A gdy pieśniarz pieśń swoją do końca wydzwonił,
Prędko łzę otarł i płaszcz zsunął z głów i twarzy
Wziął czasz podwójną, Bogów objatą obdarzy —
A gdy pieśniarz znów zaczął pobudzon przez gości
Uradowanych śpiewem przecudnej piękności —
Odyssejs znowu głowę w płaszcz skrył, by nikomu
Niedać poznać, że łzami płakał po kryjomu.

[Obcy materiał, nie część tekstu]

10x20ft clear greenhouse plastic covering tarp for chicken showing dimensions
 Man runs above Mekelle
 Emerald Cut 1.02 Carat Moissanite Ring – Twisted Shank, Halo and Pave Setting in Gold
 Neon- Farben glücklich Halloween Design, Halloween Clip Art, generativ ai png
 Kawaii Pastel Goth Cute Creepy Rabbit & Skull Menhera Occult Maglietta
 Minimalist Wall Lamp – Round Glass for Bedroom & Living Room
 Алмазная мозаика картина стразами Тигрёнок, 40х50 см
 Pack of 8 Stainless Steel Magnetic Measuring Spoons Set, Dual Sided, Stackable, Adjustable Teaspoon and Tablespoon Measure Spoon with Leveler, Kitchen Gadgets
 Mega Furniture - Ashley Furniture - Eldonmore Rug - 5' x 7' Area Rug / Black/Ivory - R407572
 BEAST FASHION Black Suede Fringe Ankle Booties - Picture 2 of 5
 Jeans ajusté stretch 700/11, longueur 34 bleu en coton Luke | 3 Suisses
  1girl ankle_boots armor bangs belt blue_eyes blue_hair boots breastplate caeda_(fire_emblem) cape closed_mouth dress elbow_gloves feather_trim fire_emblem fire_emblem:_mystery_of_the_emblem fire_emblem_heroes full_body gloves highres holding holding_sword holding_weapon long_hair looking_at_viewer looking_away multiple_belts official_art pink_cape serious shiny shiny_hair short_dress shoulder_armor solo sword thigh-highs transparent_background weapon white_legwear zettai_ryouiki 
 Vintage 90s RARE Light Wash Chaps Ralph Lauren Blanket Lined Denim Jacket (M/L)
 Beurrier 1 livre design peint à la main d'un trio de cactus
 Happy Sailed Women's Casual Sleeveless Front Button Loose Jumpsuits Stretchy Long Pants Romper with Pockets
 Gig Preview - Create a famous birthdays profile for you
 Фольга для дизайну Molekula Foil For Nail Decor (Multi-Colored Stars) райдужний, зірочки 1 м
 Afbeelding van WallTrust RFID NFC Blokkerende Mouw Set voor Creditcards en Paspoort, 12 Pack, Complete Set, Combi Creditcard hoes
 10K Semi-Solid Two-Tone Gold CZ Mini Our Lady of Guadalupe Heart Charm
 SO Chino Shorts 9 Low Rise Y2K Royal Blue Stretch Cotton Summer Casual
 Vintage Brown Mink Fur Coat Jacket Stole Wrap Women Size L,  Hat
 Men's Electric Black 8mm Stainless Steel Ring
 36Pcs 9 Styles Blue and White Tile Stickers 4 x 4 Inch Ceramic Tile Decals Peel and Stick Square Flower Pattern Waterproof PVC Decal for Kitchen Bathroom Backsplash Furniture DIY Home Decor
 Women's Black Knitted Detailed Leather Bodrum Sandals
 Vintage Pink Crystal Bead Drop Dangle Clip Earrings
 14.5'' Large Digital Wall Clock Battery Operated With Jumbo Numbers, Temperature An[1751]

Alkinoj tylko odgadł jego pomięszanie
Siedząc obok i słysząc głębokie wzdychanie.
Więc się król do swych gości tak ozwał na razie:

»Dość my się, dość feackie władyki i kniazie
Przy tej wspólnej biesiadzie już naweselili
Dźwiękiem gęśli wtórzącej godom tym najmilej,
Teraz pójdziem szermierek popróbować różnych
By gość nasz miał co dodać do przygód podróżnych,
I opowiadać doma, jak słyną Feaki
Z gonitw, skoków, zapasów i walk na kułaki«.

Rzekł i wyszedł; a za nim wyszła gości rzesza;
Kieryx dźwięczną formingę na kołku zawiesza,
A pieśniarza za rękę wyprowadza z sali,
Wiedzie drogą, po której kniaziowie zdążali
Idący na szermierskie patrzyć się igrzyska.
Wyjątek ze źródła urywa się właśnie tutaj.